If you try to run the full version of this code, you'll see that it solves the problem... very slowly. Solving full input given by the Advent of Code site takes around 90 seconds on my device.
If you think about it, it makes a bit of sense: the number of positions of visited in the original puzzle is in the thousands. For each of those thousands of positions, we will run the simulation again, with a new block in that position, meaning that we have to run the simulation (of possibly a few thousand steps), thousands of times. That's millions of steps; Performance matters now!
Jaz came to the rescue with a simple suggestion: replace the List
you use to keep track of the positions visited with a Set
. Our solution becomes:
let loops map =
let rec implementation previousStates state =
match tryMove map state with
| None -> false
| Some nextState ->
if (previousStates |> Set.contains nextState) then
true
else
implementation (Set.add state previousStates) nextState
implementation Set.empty
All of a sudden, the solution takes only 10 seconds to run! What makes this solution an order of magnitude faster?
Time Complexity
Apart from having different properties (like a set only containing unique values), F# data types also have different storage implementation. For example, the F# List
is a linked list; a chain of elements, each referring to the next. It's quite easy to implement yourself:
type MyList<'a> = {
Value: 'a
Next: MyList<'a> option
}
let exampleList =
{
Value = 12
Next = Some {
Value = 9
Next = Some {
Value = 6
Next = None
}
}
}
These different storage strategies influence how easy it is to do all kinds of things with the collection. Adding a new value to the front of a linked list is easy:
let add value list =
{
Value = value
Next = Some list
}
Adding to the back is more complex: We will have to build up the list from the beginning up:
let rec addLast value list =
match list.Next with
| Some innerList ->
{ list with
Next = Some(addLast value innerList) }
| None ->
{ list with
Next = Some { Next = None; Value = value } }
The time an operation on a collection takes is called its time complexity. We express this as a function of N, the number of items in the collection.
The complexity of adding at the back of the linked list is O(N): for every element in the list, adding a new one to the back becomes a bit slower, by a constant amount.

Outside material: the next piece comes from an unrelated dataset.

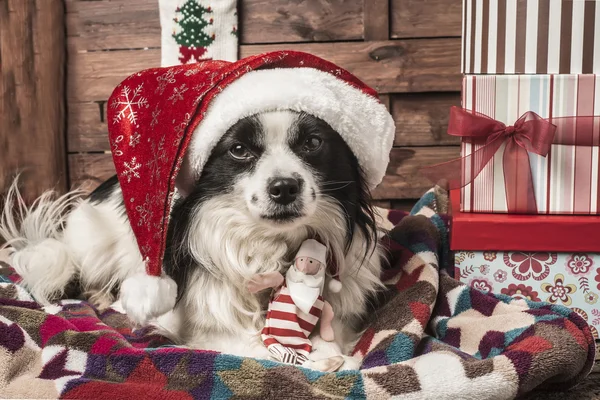 Weihnachtsgrußkarten für Hunde — Stockfoto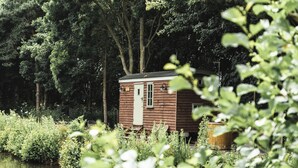 Una pequeña cabaña de madera junto a un lago, rodeada de árboles frondosos.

Adding to the beginning of a linked list is O(1): No matter how long the list is, if we add to the beginning of it will take the same amount of time
Let's compare the time complexity of a Set
and List
on the operations we used in our loops
function
Operation | List | Set |
---|---|---|
Add |
O(1) | O(log(N)) |
Contains |
O(N) | O(log(N)) |
As you can see, when it comes to adding elements, a List
has an advantage: No matter how long the list is, it's just as quick to add a new item. On the other hand, adding to a Set
is logarithmic: the performance degrades quickly to begin with, but as the set gets larger, the time it takes to add a new element doesn't increase that much between successive calls.
Contains
is more interesting: List.contains
has a time complexity of O(N), making the speed very strongly dependent on the collection size. Set.contains
is still O(log(N)), making it better suited for larger collections.
As you can see, a List
has an advantage when adding items to a large collection. When it comes to the Contains
operation on larger collections, there is a much larger difference, and a Set
is a much better option.
When working with large amounts of data, you'll probably want to take a bit longer to think about the data types you want to use than you would for small amounts. On Microsoft learn, you'll find an overview of all F# data types and their properties, including a table of their operations and the time complexity.